Would you reproduce, word for word, only the lines from the one with "Juventude da Diocese" to the end of the listing below?

DATASET SECTION:
··········

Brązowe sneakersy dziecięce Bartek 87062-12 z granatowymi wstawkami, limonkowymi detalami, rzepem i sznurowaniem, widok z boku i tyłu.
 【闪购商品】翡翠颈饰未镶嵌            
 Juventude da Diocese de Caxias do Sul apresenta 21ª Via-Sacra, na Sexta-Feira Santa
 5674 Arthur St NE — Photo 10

··········

ANSWER FOR THIS EXERCISE:
 Juventude da Diocese de Caxias do Sul apresenta 21ª Via-Sacra, na Sexta-Feira Santa
 5674 Arthur St NE — Photo 10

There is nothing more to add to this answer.